Patients with grade > / = 3 ICANS should be managed in the ICU setting, including airway support where there is reduced consciousness. In severe cases of ICANS, with features of cerebral oedema, supportive measures to manage raised intracranial pressure (ICP), including use of ICP monitors, targeting cerebral perfusion pressure and hyperosmolar therapy are advocated by some groups.[10, 44]

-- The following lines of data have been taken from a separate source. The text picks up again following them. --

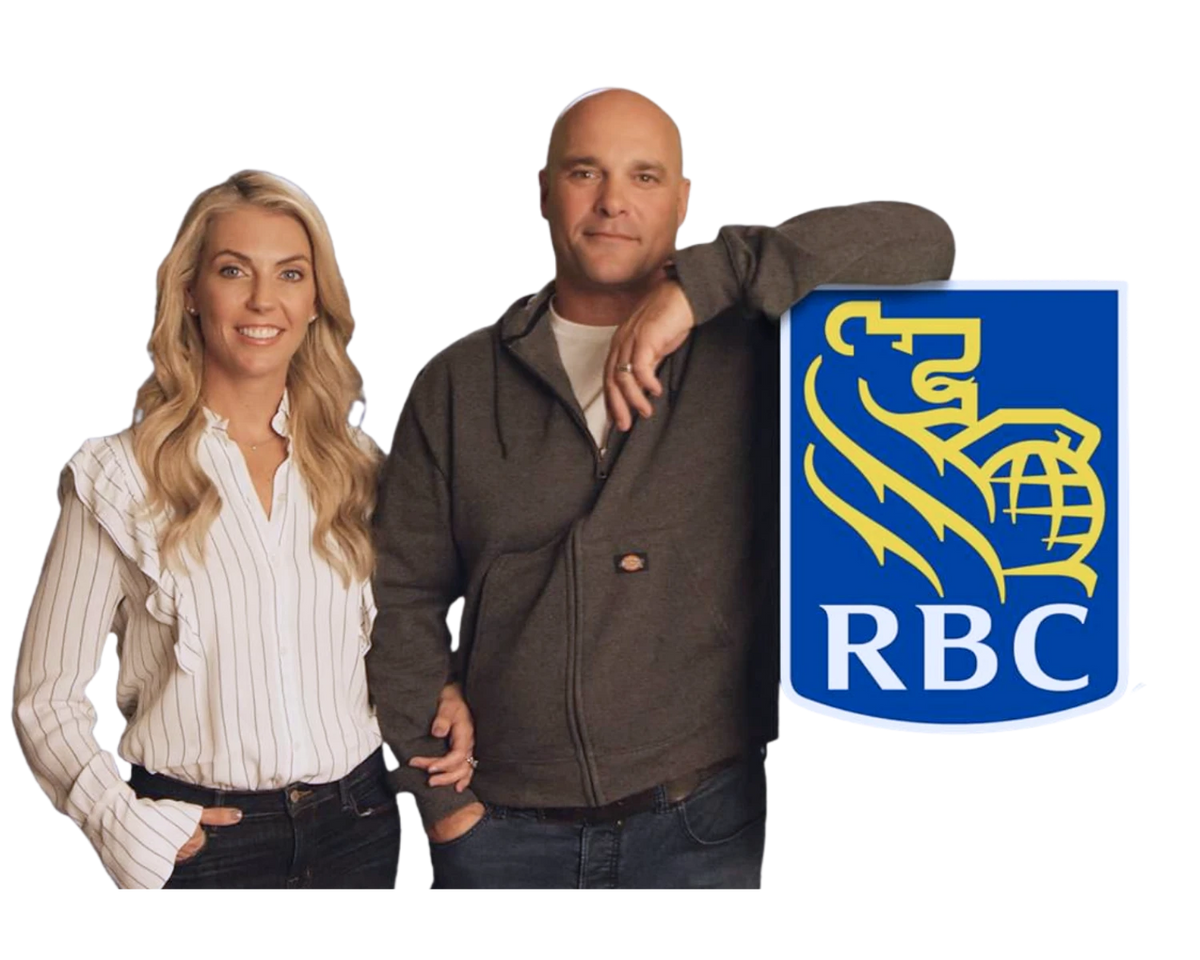 Bryan and Sarah Baeumler with the RBC logo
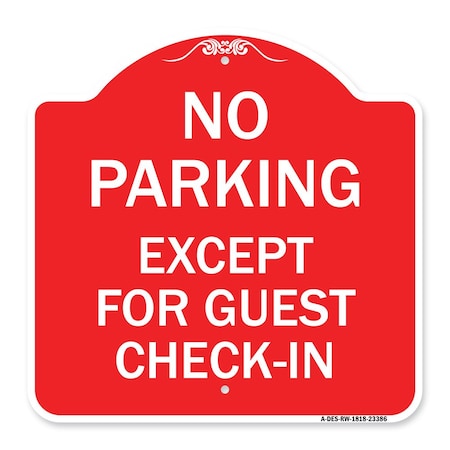 Signmission Parking Reserved for Guests Only, Red & White Aluminum Architectural Sign, 18" x 18", RW-1818-23386 A-DES-RW-1818-23386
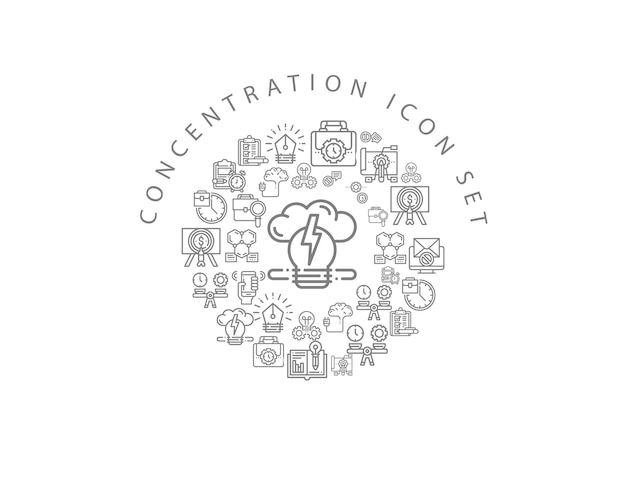 Concentration icon set design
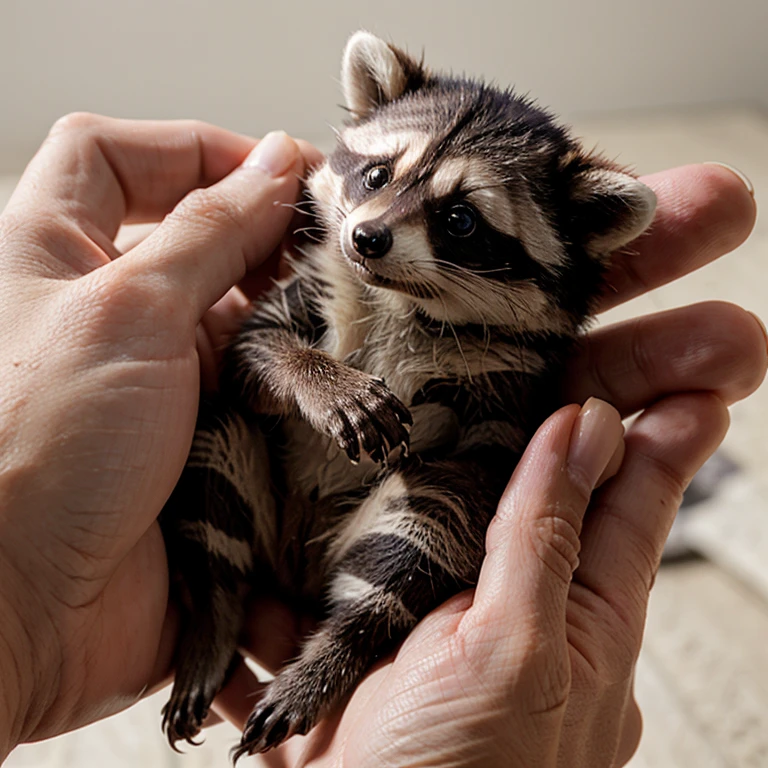 Hyper-realistic miniature of a raccoon in the palm of a human's hand'hand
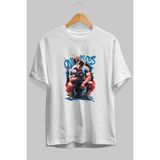 Ankhises Gym , Spor , Fitness Serisi 65 Ön Baskılı Oversize T-Shirt Erkek Kadın Pamuk Bisiklet Yaka Tişort - Beyaz - XL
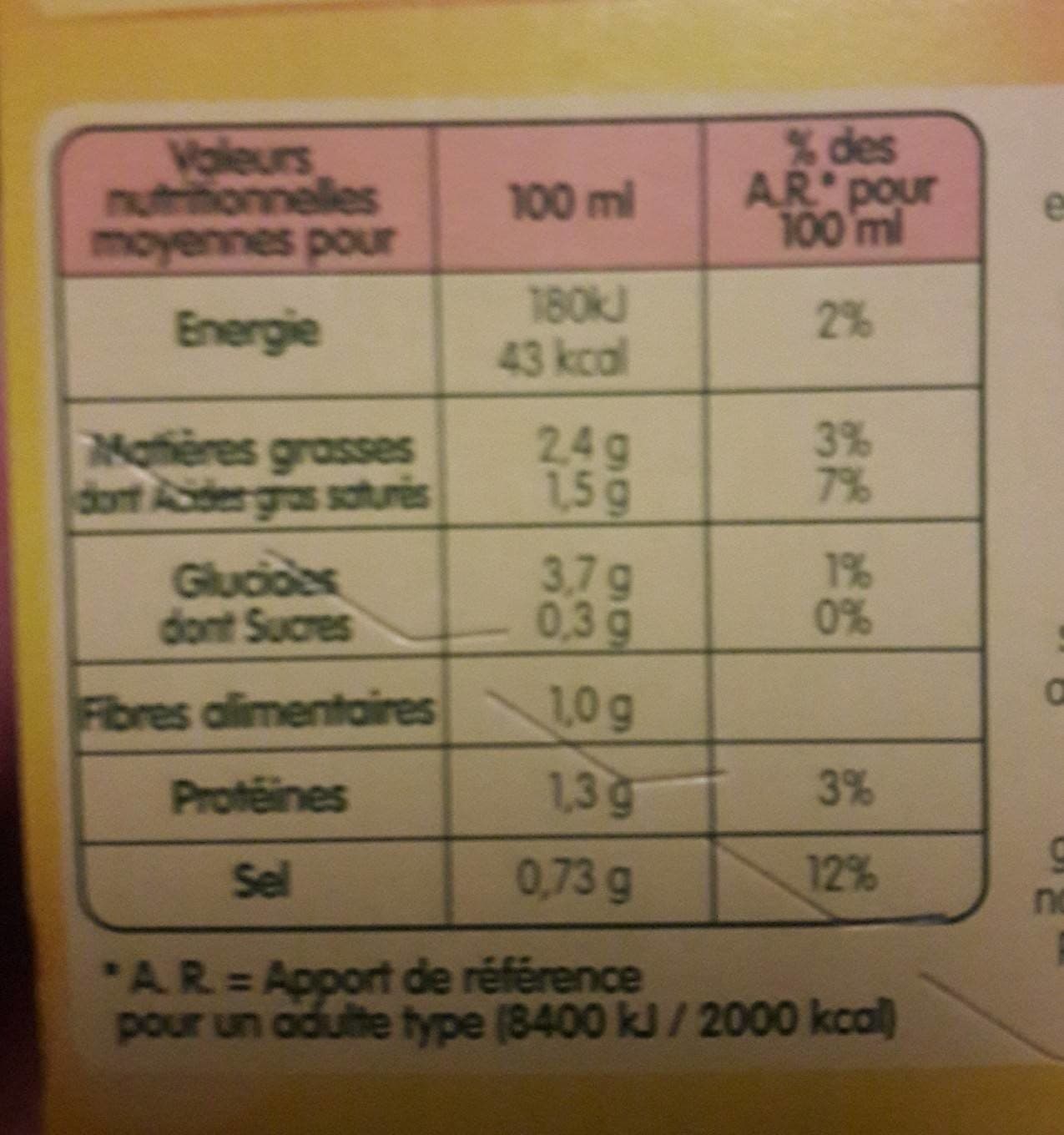 Liebig Doux Plaisirs Légumes au Kiri packshot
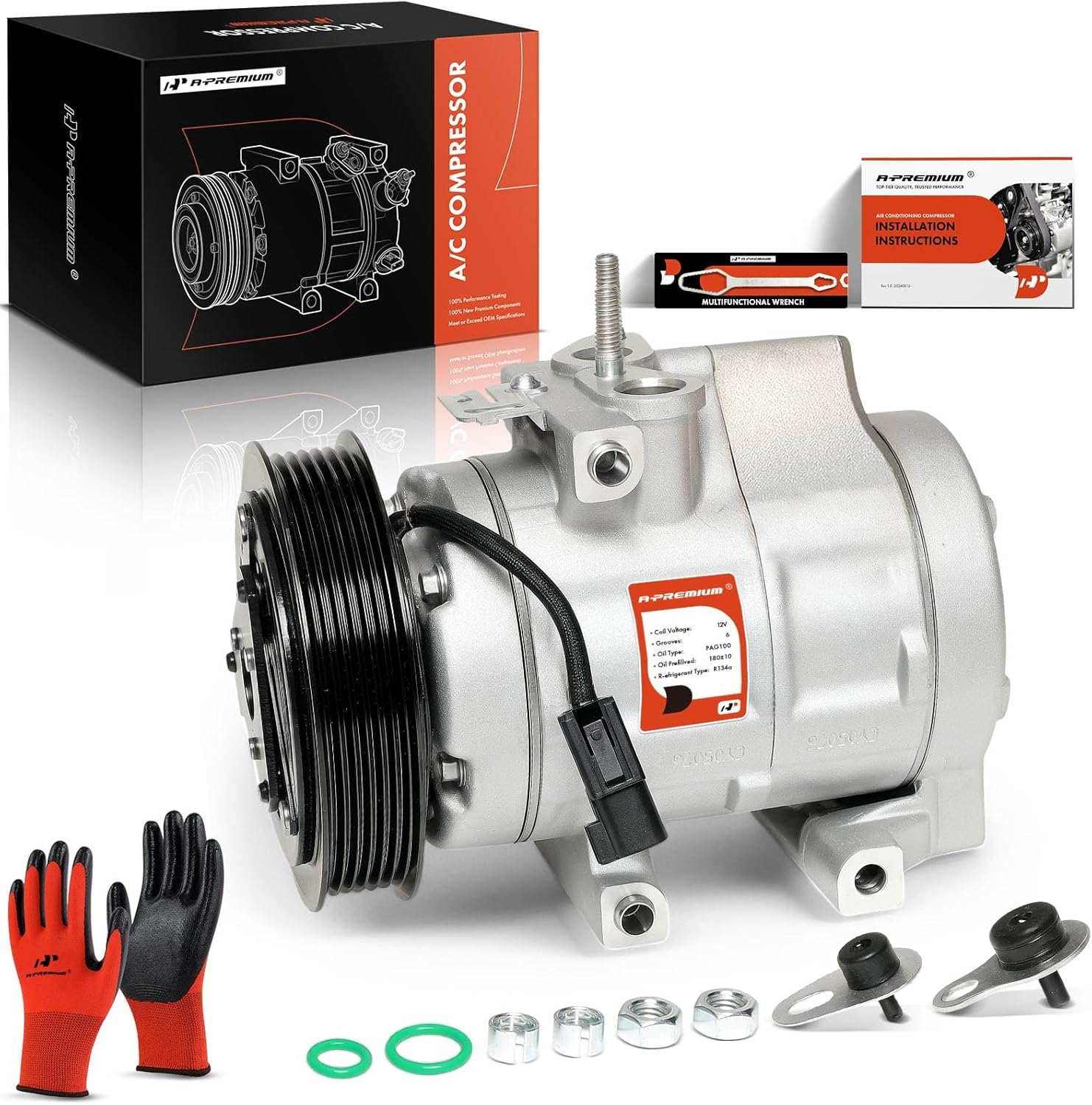 A-Premium Air Conditioner AC Compressor with Clutch Compatible with Ford F-250 Super Duty 2008-2010, F-350 Super Duty 2008-2010, F-450 Super Duty 2008-2010, F-550 Super Duty 2008-2010, 5.4L 6.8L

Other neurological complications of CAR-T

Aside from ICANS, recipients of CAR-T cells, there have also been case reports of PRES [47], and progressive multifocal leukoencephalopathy after CAR-T therapy [48]. Intracranial haemorrhage has also been rarely observed [8, 11]. Unravelling causation in these cases is challenging given the contributions of underlying malignancy and prior conditioning therapies. The incidence of infection within the first 28 days of CAR-T therapy was almost 25% in one case series of 133 patients, although the rate and nature of infections seem to be in line with other salvage chemoimmunotherapy approaches for haematological malignancy [49]. Infections were commonly bacterial or viral respiratory illness, but also included the finding of EBV or CMV in the CSF, and occasionally disseminated fungal infection. All patients commencing CAR-T therapy should routinely receive prophylaxis for herpes infection and prophylaxis for Pneumocystis pneumonia, but anti-bacterial and systemic anti-fungal prophylaxis are not routinely recommended [44].

Conclusions

CD19 CAR-T therapies now provide an effective treatment for previously refractory B cell malignancies. However, ICANS is a common complication, which can be serious, and rarely fatal. Regular evaluation of CAR-T recipients is required during the first 14 days using validated scoring tools. Treatment of ICANS is largely supportive, including vigilant exclusion of infection and adequate treatment of seizures. Corticosteroids and intensive care support are the mainstay of treatment for higher grades of ICANS. Novel therapies such as siltuximab and anakinra warrant further study and data on long-term neurological outcomes following CAR-T are awaited.